[[ Extracted information, beginning ]]

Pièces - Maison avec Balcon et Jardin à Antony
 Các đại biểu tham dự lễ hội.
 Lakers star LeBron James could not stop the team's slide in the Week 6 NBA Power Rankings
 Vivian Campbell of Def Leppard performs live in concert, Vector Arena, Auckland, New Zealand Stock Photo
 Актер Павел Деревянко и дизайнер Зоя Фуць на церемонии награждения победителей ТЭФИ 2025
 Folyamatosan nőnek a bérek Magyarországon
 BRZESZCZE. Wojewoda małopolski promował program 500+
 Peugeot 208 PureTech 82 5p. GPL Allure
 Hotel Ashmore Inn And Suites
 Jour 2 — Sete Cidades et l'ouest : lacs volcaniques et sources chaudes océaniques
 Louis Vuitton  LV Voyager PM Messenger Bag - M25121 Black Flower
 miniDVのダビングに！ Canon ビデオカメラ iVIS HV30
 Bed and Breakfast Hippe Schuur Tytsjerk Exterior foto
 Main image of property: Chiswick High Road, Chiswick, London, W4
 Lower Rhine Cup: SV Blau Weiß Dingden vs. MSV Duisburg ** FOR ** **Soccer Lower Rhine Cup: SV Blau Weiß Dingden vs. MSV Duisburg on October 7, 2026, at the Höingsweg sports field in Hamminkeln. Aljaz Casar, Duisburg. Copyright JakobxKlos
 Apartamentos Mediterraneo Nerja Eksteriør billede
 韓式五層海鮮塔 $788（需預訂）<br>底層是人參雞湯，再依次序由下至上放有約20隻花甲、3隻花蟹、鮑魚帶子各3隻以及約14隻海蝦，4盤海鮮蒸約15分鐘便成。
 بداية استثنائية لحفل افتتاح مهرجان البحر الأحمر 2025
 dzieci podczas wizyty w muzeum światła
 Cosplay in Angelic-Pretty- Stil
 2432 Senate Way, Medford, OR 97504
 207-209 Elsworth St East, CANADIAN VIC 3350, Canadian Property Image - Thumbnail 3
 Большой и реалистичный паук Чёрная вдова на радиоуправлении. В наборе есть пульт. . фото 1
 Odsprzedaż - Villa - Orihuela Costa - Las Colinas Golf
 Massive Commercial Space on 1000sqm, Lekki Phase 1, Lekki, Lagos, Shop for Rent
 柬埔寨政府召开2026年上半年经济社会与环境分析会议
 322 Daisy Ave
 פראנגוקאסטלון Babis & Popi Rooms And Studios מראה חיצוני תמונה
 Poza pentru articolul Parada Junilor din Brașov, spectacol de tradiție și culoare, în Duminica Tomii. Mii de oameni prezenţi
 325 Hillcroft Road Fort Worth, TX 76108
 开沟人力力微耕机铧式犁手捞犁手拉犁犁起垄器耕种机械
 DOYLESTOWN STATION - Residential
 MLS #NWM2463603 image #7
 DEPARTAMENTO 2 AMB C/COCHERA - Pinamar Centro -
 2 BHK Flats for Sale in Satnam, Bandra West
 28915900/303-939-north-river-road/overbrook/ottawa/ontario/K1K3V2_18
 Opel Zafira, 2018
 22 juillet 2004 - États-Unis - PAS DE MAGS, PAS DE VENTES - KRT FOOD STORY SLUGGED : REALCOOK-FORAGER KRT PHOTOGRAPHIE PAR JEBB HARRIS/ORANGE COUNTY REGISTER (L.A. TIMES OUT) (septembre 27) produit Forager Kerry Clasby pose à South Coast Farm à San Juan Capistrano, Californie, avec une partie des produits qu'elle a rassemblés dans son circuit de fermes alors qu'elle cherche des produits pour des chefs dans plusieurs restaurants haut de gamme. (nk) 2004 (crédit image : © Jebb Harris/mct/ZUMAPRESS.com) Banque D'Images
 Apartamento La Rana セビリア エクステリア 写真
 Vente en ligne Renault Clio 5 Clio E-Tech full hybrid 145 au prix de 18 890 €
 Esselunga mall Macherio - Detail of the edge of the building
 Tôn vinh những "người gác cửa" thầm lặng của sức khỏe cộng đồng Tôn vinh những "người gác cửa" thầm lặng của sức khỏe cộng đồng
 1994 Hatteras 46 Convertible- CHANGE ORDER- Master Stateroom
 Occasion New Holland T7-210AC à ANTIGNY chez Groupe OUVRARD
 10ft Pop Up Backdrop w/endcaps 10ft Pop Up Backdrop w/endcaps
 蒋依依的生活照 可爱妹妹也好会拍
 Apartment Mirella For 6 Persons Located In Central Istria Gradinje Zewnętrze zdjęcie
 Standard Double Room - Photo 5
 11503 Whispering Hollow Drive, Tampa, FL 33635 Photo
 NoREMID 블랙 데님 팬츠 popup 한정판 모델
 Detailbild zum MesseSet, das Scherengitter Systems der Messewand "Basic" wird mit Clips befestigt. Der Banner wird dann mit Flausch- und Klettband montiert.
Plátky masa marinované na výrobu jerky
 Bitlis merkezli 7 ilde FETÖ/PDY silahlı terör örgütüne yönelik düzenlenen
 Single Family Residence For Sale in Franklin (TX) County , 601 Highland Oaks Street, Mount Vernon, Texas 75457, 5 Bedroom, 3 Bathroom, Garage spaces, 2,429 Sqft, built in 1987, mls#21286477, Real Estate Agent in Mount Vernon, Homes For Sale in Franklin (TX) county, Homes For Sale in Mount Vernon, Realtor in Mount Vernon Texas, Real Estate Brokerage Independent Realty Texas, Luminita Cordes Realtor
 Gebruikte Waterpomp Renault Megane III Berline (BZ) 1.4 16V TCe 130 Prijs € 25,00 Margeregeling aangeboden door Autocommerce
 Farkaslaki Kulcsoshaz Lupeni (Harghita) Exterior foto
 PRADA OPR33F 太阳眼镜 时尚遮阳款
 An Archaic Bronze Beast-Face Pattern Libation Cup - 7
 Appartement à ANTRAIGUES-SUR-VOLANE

[[ Extracted information, end ]]

Directions for this task
In the listing above, find the line containing "Cosplay in Angelic-Pretty- Stil" and the line containing "Opel Zafira, 2018", then repeat those two lines and everything between them exactly.

The answer
 Cosplay in Angelic-Pretty- Stil
 2432 Senate Way, Medford, OR 97504
 207-209 Elsworth St East, CANADIAN VIC 3350, Canadian Property Image - Thumbnail 3
 Большой и реалистичный паук Чёрная вдова на радиоуправлении. В наборе есть пульт. . фото 1
 Odsprzedaż - Villa - Orihuela Costa - Las Colinas Golf
 Massive Commercial Space on 1000sqm, Lekki Phase 1, Lekki, Lagos, Shop for Rent
 柬埔寨政府召开2026年上半年经济社会与环境分析会议
 322 Daisy Ave
 פראנגוקאסטלון Babis & Popi Rooms And Studios מראה חיצוני תמונה
 Poza pentru articolul Parada Junilor din Brașov, spectacol de tradiție și culoare, în Duminica Tomii. Mii de oameni prezenţi
 325 Hillcroft Road Fort Worth, TX 76108
 开沟人力力微耕机铧式犁手捞犁手拉犁犁起垄器耕种机械
 DOYLESTOWN STATION - Residential
 MLS #NWM2463603 image #7
 DEPARTAMENTO 2 AMB C/COCHERA - Pinamar Centro -
 2 BHK Flats for Sale in Satnam, Bandra West
 28915900/303-939-north-river-road/overbrook/ottawa/ontario/K1K3V2_18
 Opel Zafira, 2018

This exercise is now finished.